Since the early 1960s, plasma-sprayed calcia- and magnesia-stabilized zirconia TBCs have been used extensively as ceramic top coats on combustion-chamber walls and burner cans to prolong their lives by avoiding hot-spot formation and subsequent failure by thermal fatigue. These materials were broadly accepted for 20 years until their replacement by yttria-stabilized zirconia (YSZ) (~7 wt.% Y) coatings was initiated. The air-plasma sprayed (APS) YSZ TBCs offer outstanding mechanical, chemical, and thermal properties. Two generations of high-temperature (>1,000°C) TBCs were based on these unique ceramics (generation one is APS M-Cr-Al-Y/APS 7 YSZ and generation two is low-pressure plasma-sprayed [LPPS] M-Cr-Al-Y/APS 7 YSZ), which, in the early 1980s, enabled TBCs to be introduced on highly thermally loaded parts like vane platforms and vane airfoils. The need for higher operating temperatures in turbines, however, inspired material scientists to search for TBCs that could also be applied on blade platforms and airfoils subjected to high thermal loads as well as additional mechanical strains.

Under these circumstances, the EB-PVD technology offered the opportunity to generate TBCs with vastly superior strain tolerance. This property is due to the specific coating structure that grows from the vapor phase in a columnar form with individual ceramic columns being weakly bonded to their neighbor columns. The columns exhibit a preferred {100} orientation. The technical importance of this is twofold: namely, a higher coefficient of thermal expansion for the in-plane direction, which allows a better fit to the bond coat, and a lower in-plane Young's modulus, which provides more stress relief on thermomechanical loading at the interface.

Coating all of these high-performance parts with reliable TBCs would optimize the initial component design and make coatings an integral part of the component. In 1987, the exploitation of strain-tolerant TBCs initiated a renaissance of industrial EB-PVD technology, which had been previously utilized for depositing metallic M-Cr-Al-Y coatings for more than 20 years. The novel EB-PVD YSZ ceramic layers with an LPPS Ni-Co-Cr-Al-Y bond coat (designated generation three) offer a roughly three-fold improvement in blade life or a surface temperature increase on the hot sections of foils of approximately 150 K.

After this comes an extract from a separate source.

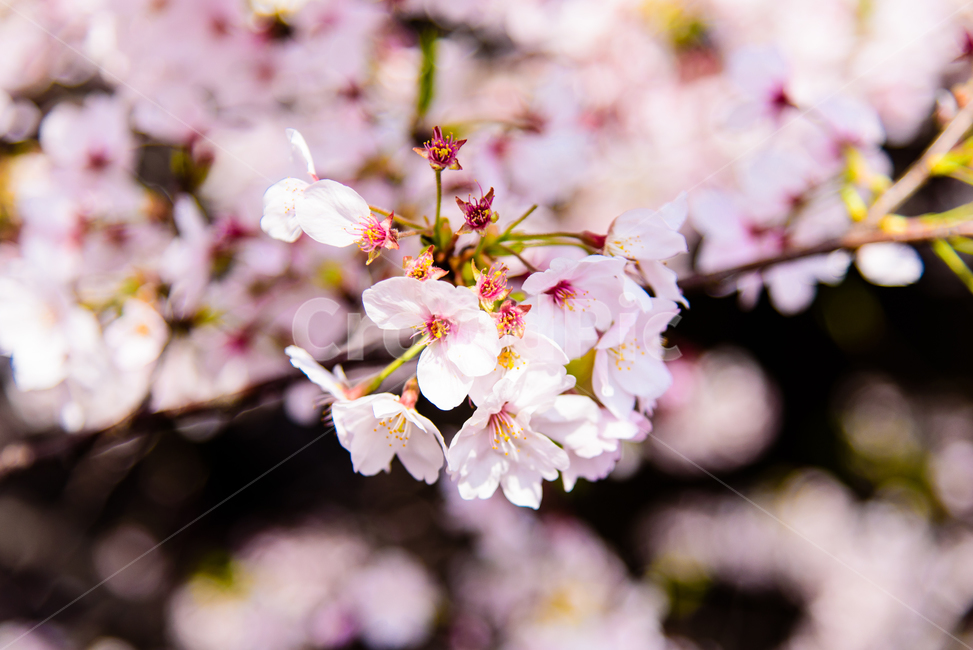 벚꽃,봄,봄꽃,꽃,식물,자연,핑크,핑크색꽃,계절,시즌,spring,春,スプリング,桜,벚나무,봄,계절,spring,season,식물,자연,plants,nature,꽃,flower,plant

Failure in TBC systems almost always occurs by TBC spallation due to stresses in the ceramic or bond coat. But failure of these new EB-PVD processed TBCs happens, unlike those for plasma-sprayed TBCs, at the ceramic-bond coat interface. There is a thermally grown oxide (TGO) of a few micrometers in thickness that plays a key role in the adhesion of EB-PVD TBCs. The TGO is the weak link in the system and its strength and adhesion to the bond coat governs the location of failure and whether first cracks will propagate within or along the TGO-bond coat interface. Here, spallation is initiated by the accommodation of stresses surmounting a critical value.

A route to minimizing misfit stresses is reducing the growth rate of TGOs. The early-overlay bond coatings, which were EB-PVD M-Cr-Al-Y coatings, were followed by plasma-sprayed M-Cr-Al-Y families. Up-to-date M-Cr-Al-Y coatings contain additional elements like silicon and/or tantalum and hafnium to provide lower scaling rates and better hot-corrosion resistance. These coatings with some low-vapor-pressure elements (which are mainly refractory elements) are more easily deposited by LPPS techniques. These formulations let TGOs grow more slowly and, thus, prolong the lifetime of the TBCs.

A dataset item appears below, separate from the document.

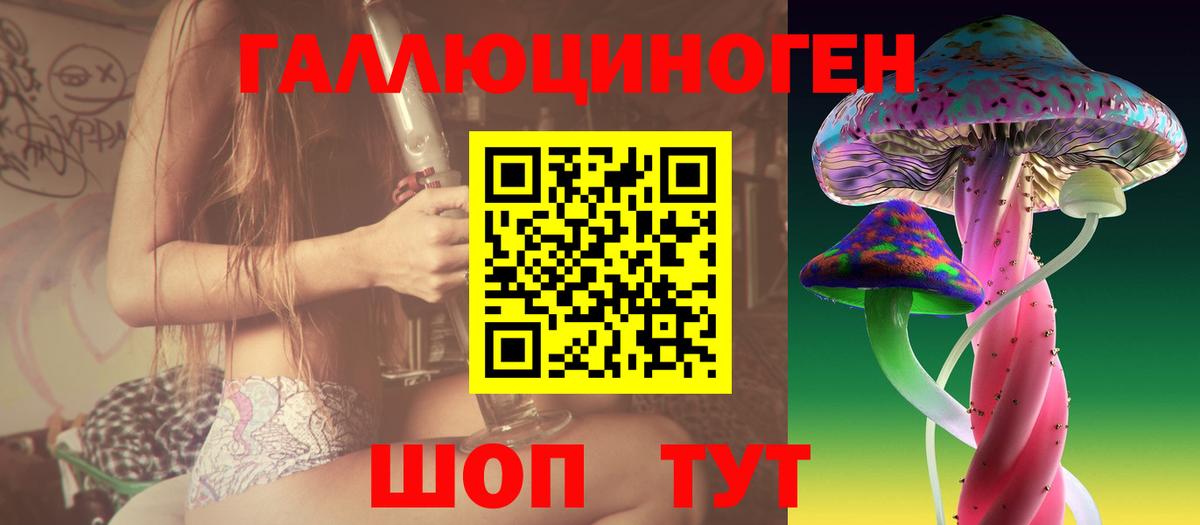 Псилоцибиновые грибы мицелий Чехов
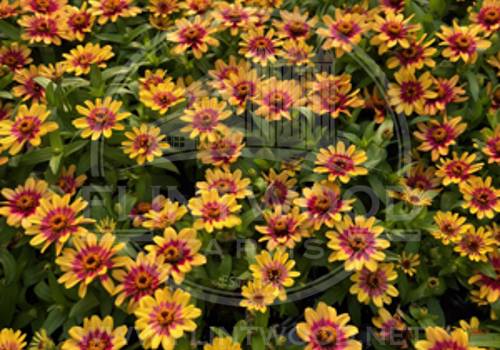 Profusion Red Yellow Bicolor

Another route to minimize misfit stresses and to improve spallation resistance is to make the bond coatings more creep-resistant, which will bring more stability to the TBC root area on thermomechanical cycling. This change in mechanical characteristics is successfully done in LPPS M-Cr-Al-Y overlay coatings by converting the former g/b phase structure into a g/g' structure by appropriate alloying. The modified phase structure provides high creep resistance as does the introduction of a significant portion of refractory elements. Two more benefits are low diffusivity and a reduced coefficient of thermal expansion. The last property is of uppermost importance as it controls the amount of residual stresses that can accumulate in the TGO layer. In essence, the residual stresses can be kept low if the differences between the coefficients of thermal expansion of the respective ceramic and metallic partners of the whole system are minimized.

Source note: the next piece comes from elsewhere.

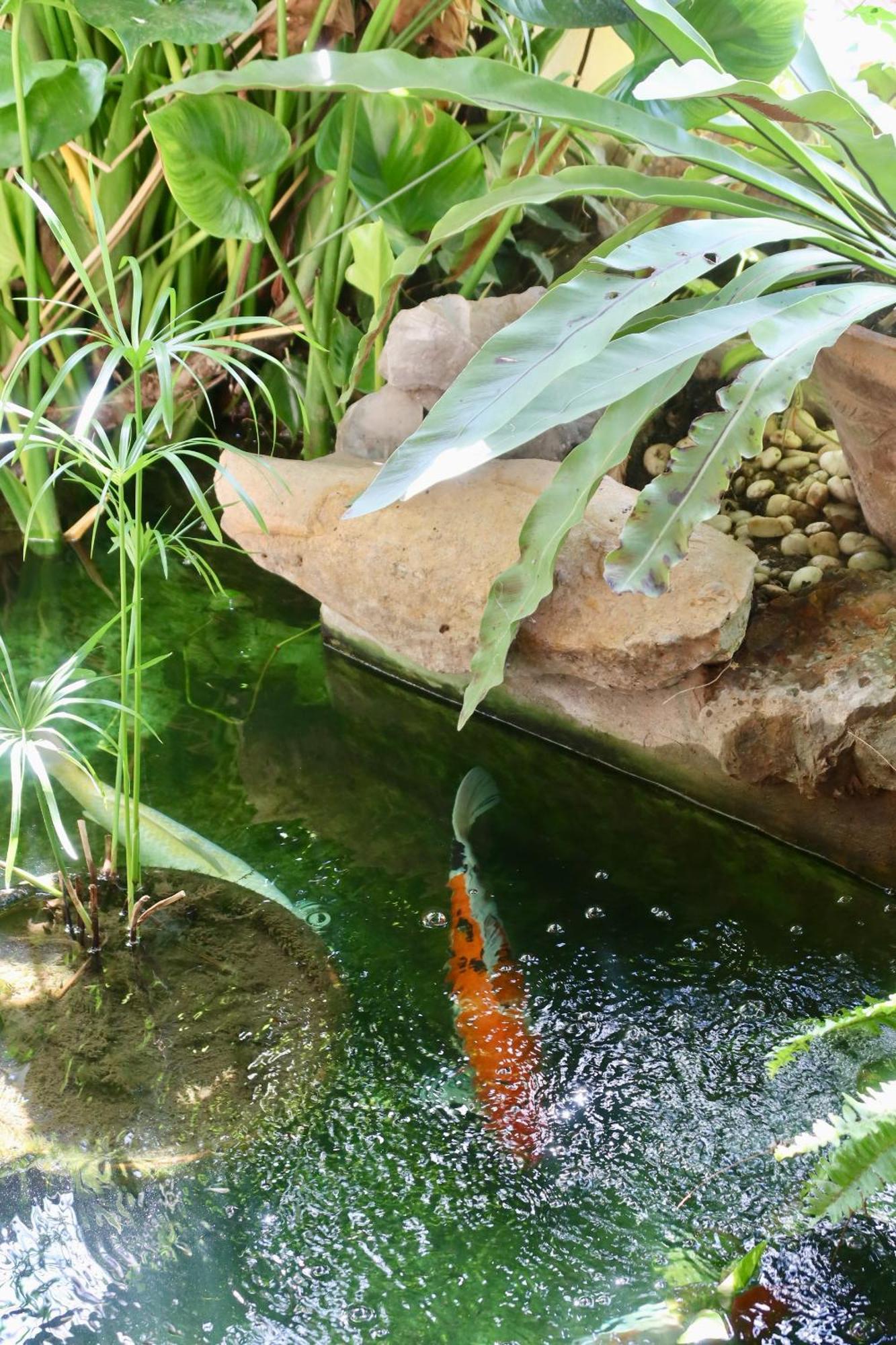 Casa de hóspedes Banjai Garden Chiang Mai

Thus, the involvement of superalloy substrates in the interplay of the physical properties of the respective material components and their influence on the compositional behavior of TBC systems has to be addressed. Nickel-based superalloys have gained a high degree of technical maturity in the early 1990s. They have passed many developmental stages (e.g., hardening by precipitated g' phases, extensive solid-solution strengthening, and directional solidification and/or transformation to single crystals to obtain more creep-resistant crystal orientations and continuous-grain structures). The most creep-resistant crystal orientation (001), however, provides the lowest Young's modulus (120 MPa). It is a drawback for the adhesion of TBCs since thin-walled airfoils under constant load can be bent more rigorously in service than the conventionally cast counterparts. Three generations of single-crystal superalloys, however, resulted in a reduction of coefficient of thermal expansion that compares with the recent low-expansion bond coats.

Figure A
Figure A. A schematic of a two-source EB-PVD laboratory coater at Deutsche Forschungsanstalt für Luft- und Raumfahrt for producing TBCs and bond coats.
Further work has to be directed at better defining the critical stresses that control TBC durability so that lifetime predictions of entire TBC systems can be made with more confidence. The progress in the manufacture of more reliable TBC systems on single-crystal materials will address the design of TBCs with tailored microstructures with superior strain tolerance and of new M-Cr-Al-Y bond coats with predictable TGO formation. The tailoring of respective microstructures to differing substrates with regard to optimal porosity and thermal-expansion mismatch has to be taken into account. Here, the disposal of appropriate EB-PVD technologies will enable the manufacture of unique microstructures for service-tolerant TBCs.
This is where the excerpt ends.